Location
- Mokeri, Panoor, Kerala, 670692 India 11°47′04.6″N 75°34′29.7″E﻿ / ﻿11.784611°N 75.574917°E

Information
- Other names: Rajeev Gandhi Memorial Higher Secondary School / Rajeev Gandhi Memorial HSS
- School type: High school/higher secondary school
- Established: 26 June 1995; 31 years ago
- School district: Kannur
- Category: Government-aided
- School number: Higher secondary - 13146
- School code: 14028
- Principal: A. K. Premadasan
- Headmaster: C. P. Sudheendran
- Staff: 115+
- Teaching staff: 110+
- Grades: 8-12
- Gender: co-education
- Capacity: 3700+
- Language: Malayalam, English
- Classrooms: 84
- Campus size: 3.5 acres (1.4 ha)
- Affiliation: Kerala State Education Board (SCERT, DHSE)
- Website: rgmhss.com

= Rajeev Gandhi Memorial Higher Secondary School =

School in Mokeri, Kannur, Kerala, India

RGMHSS aka Rajeev Gandhi Memorial Higher Secondary School is a Higher Secondary School in Mokeri, Kerala. Established in 1995, it is a prominent government-aided school in Kannur district.

==History==
The school was established by the Vallyayi Educational Society on 26 June 1995. The school is affiliated with the State Council of Educational Research and Training, Kerala. It is located in Mokeri, Panoor in the Kannur district of Kerala. The school have grades starting from 8th standard to 12th standard. The school is ranked as one of the most well-established schools in Kerala with a good academic record.

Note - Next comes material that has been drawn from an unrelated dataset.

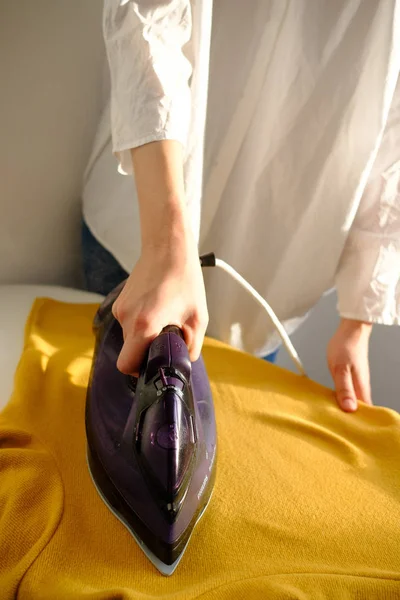 Girl Ironing Clothes Home Yellow Jacket — Stock Photo, Image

The school has a library for further reading for the students and has 5000 books in its library. While starting the school in 1995 the school consists of only 55 students in 2 divisions. Later it increased considerably and now the school have 84 classrooms with 3900 students and more than 100 teachers included in High school and Higher secondary department.

==Academics==
The school is located at Mokeri, a part of Panoor block, in the educational district of Thalassery. This school has had the highest number of students appear for the SSLC examination in the Kannur district with more than 1000 students every year. Also the school has been selected as the recipient of the award best 'Haritha Vidyalayam' in the state of Kerala. The school has been known for its excellence of extracurricular activities in the State School Science Fair (Sasthrolsavam) and Kerala School Kalolsavam.